General discussion and feedback.

#1
by Lewdiculous - opened

Leave your feedback for issue or questions here.

Author feedback can be left in their original page.

Lewdiculous pinned discussion
deleted

Awesome job on the quants! Just as always!

I just downloaded the exl2 version. Unfortunately, my 8GB card is already pretty at its limit. So I searched for gguf files and quickly found yours. First impressions with the exl2 version were pretty good. I will now test the gguf and compare the results. Thank you very much for making the effort again!!

@TheVisitorX Q4_K_M-imat will serve you well!

If you need a bit more room, perhaps for some more context, the Q4_K_S-imat should perform well.

For automatic RoPE scaling to be sure higher contexts are stable, as recommended, please use KoboldCpp 1.64 or higher if available.

Q4_K_S:	4.57 BPW
Q4_K_M:	4.83 BPW

Personally, I'm very happy with this model.

Probably not the best place to ask this, but since quants differences were brought up, is it better to use Q4_K_S with more context? or use Q4_K_M with a bit less?

My dear 2060 has been doing very well with 4_K_M at 4k context (and does seems fine at 6k as well), but I've been wondering.

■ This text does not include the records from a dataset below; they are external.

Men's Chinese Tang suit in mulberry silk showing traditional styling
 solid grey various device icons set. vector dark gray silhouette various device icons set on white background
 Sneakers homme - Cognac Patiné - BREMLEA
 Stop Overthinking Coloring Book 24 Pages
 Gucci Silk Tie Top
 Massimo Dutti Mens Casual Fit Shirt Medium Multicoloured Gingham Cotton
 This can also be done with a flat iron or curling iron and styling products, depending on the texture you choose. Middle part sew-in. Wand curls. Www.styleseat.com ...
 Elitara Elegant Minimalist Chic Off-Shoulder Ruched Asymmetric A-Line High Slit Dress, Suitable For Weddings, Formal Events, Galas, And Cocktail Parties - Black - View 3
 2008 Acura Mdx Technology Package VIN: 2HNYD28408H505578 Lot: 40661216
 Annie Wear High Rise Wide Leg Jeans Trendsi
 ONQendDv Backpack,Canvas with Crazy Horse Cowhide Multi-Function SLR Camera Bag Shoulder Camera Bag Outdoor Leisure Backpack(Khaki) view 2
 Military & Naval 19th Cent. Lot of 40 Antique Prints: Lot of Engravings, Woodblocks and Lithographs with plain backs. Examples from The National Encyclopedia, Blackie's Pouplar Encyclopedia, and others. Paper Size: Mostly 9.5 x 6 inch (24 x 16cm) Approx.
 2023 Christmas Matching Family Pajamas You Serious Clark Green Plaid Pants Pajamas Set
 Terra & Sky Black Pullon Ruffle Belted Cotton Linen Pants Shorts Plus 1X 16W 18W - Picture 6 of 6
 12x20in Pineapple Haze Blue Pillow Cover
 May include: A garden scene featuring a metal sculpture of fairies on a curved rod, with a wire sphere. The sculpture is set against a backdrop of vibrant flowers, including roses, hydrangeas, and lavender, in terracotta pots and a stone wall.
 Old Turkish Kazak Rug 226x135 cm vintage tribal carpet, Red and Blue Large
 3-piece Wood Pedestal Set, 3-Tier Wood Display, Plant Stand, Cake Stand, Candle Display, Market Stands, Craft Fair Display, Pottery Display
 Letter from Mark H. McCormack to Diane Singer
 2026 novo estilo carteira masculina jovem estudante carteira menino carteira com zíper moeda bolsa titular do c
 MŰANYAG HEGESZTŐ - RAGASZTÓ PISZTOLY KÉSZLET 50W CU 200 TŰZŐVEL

I'm sure I can trade off more process/gen time for larger context but I've been curious about this since I know quants are lossy.

@Sovy

Is speed that important?

I also have a 2060 6GB and I use Q8_0 and Q5_K_M at 8K context.
I wouldn't go lower than 4 BPW

Not all layers are offloaded, but honestly it is not that slow. Even Q8_0 is fast enough, about reading speed.

Are you using an older CPU with really slow ram?

@Virt-io
Nah, my CPU is fairly recent, a i5-12600k. Ram is 3600mhz DDR4. Just can't easily justify a GPU upgrade at 1080p otherwise (and the gpu drought that happened).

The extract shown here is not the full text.